Karena itulah, program pertama yang dilakukan oleh Baik adalah Siwasirans atau kolaborasi warga sekolah ciptakan suasana ramah, aman dan nyaman di sekolah. “Program ini yang pertama saya jalankan karena ketika saya diangkat menjadi kepala sekolah di TK Negeri Pembina Suralaga sarana prasarananya sangat miris. Bangunan, tempat belajar sangat tidak sedap dipandang mata. Ini tentu membuat anak dan guru tidak aman dan nyaman dalam proses pembelajaran apalagi untuk membuat anak bahagia dalam belajar,” tukasnya.

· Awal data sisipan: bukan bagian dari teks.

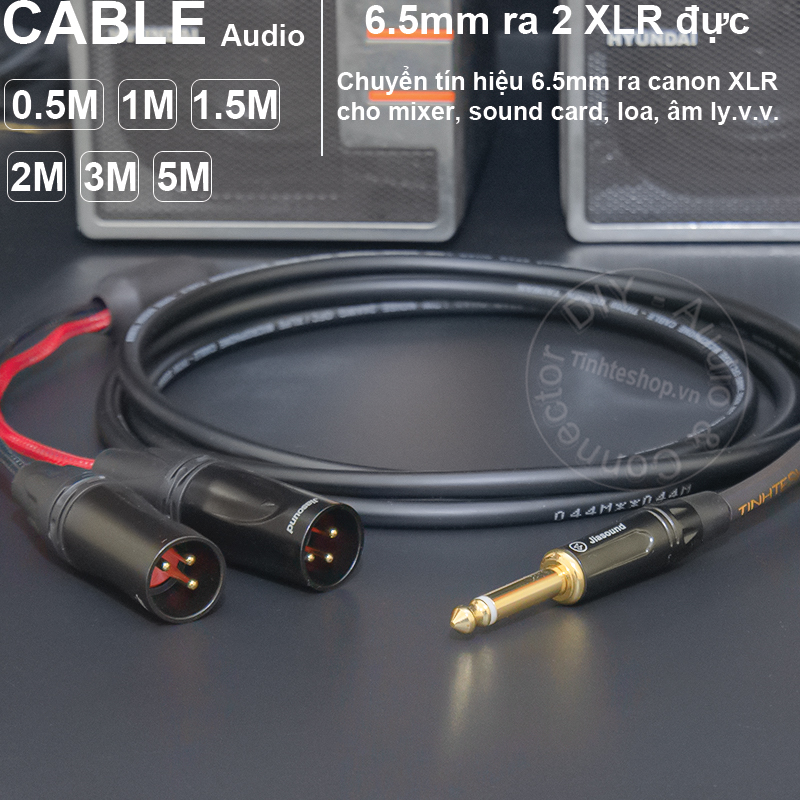  6.5mm mono to 2 XLR male audio cable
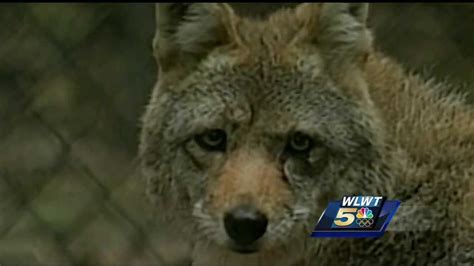 Glendale Police Issue Warning Beware Of Aggressive Coyotes In Area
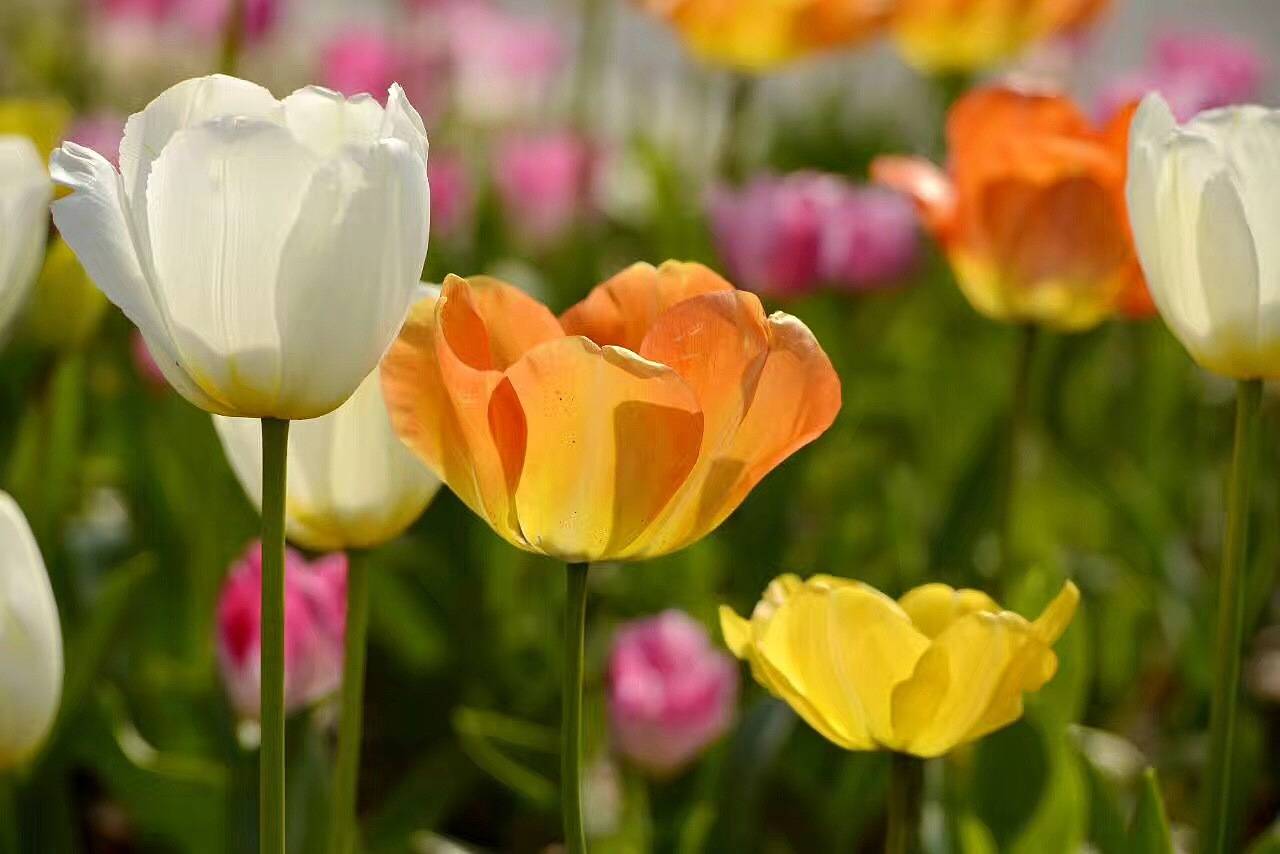 美丽的泡沫:永远的奥古斯都_郁金香_人们_荷兰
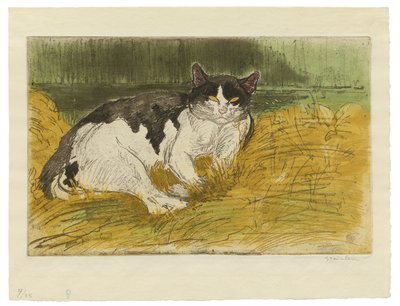 Gammal svartvit katt i gräset av Théophile Alexandre Steinlen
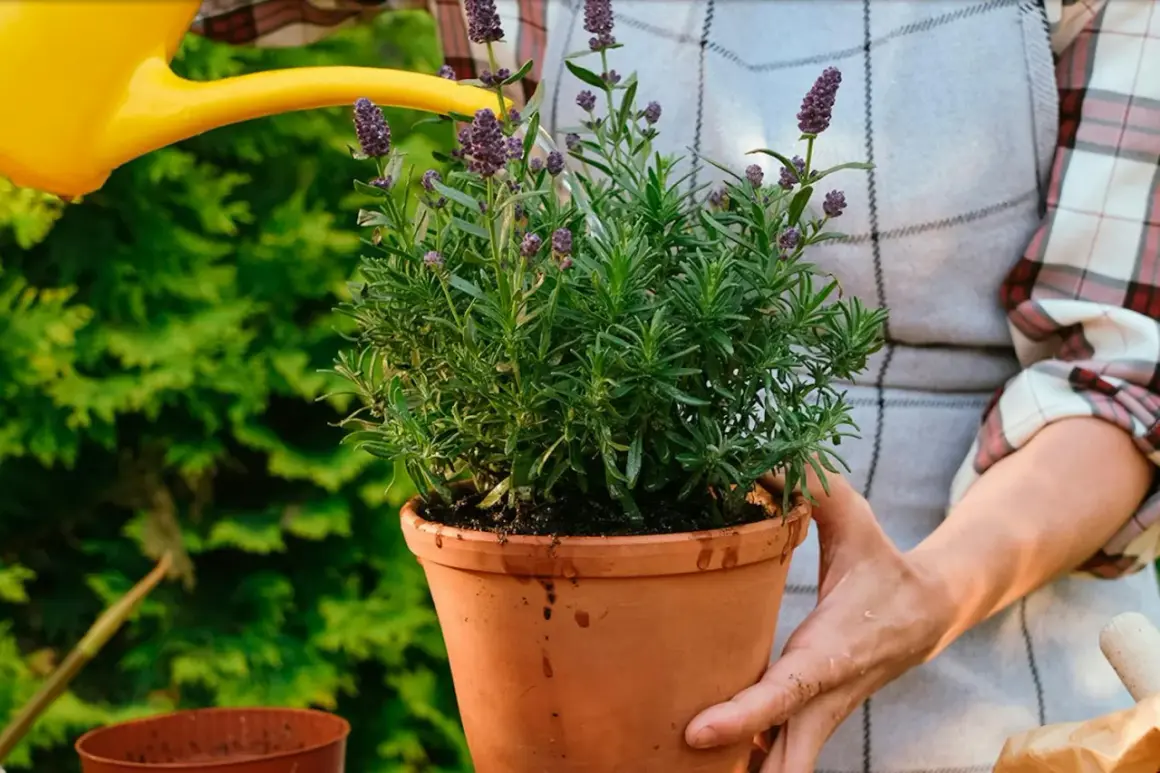 En person vattnar en frodig lavendel i kruka med en gul vattenkanna. Doftande lila blommor spirar.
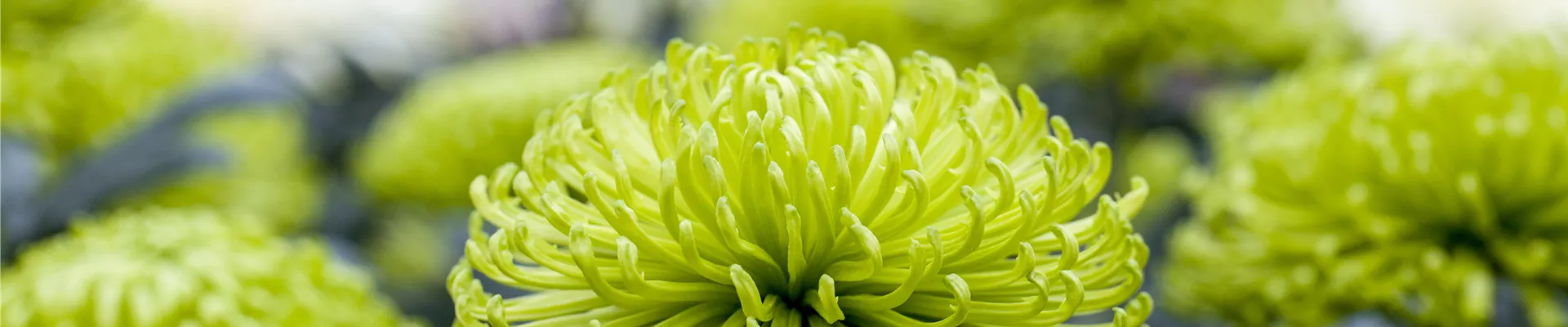 Überuns_Profil_header Überuns_Profil_header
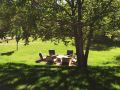 domaine-les-martins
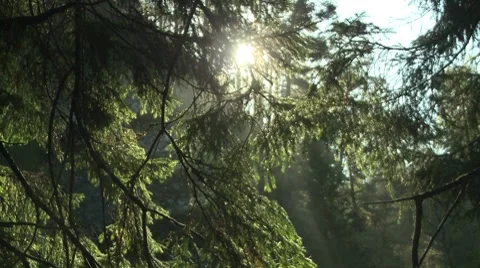 Sun Through Trees Video stock 8570461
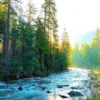 Реки музыка для релаксации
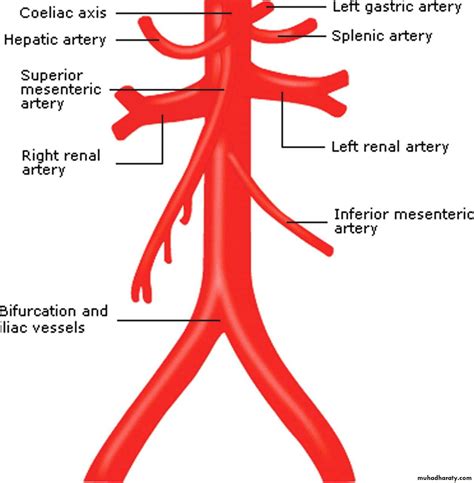 What Are The Branches Of The Aorta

Baik mengakui banyak kendala dihadapi dalam menjalankan tugas sebagai kepala sekolah. Diantaranya adalah minimnya sumber pendanaan. “Solusi yang saya ambil untuk menghadapi tantang tersebut adalah memetakan sumber daya yang ada di sekolah . saya mengundang semua guru, wali murid, komite sekolah, kepala desa kadus, Kanit kecamatan Suralaga, Kadis Lombok Timur, bahkan sempat mengundang Bapak Bupati Lombok Timur untuk menghimpun dana,” tambahnya.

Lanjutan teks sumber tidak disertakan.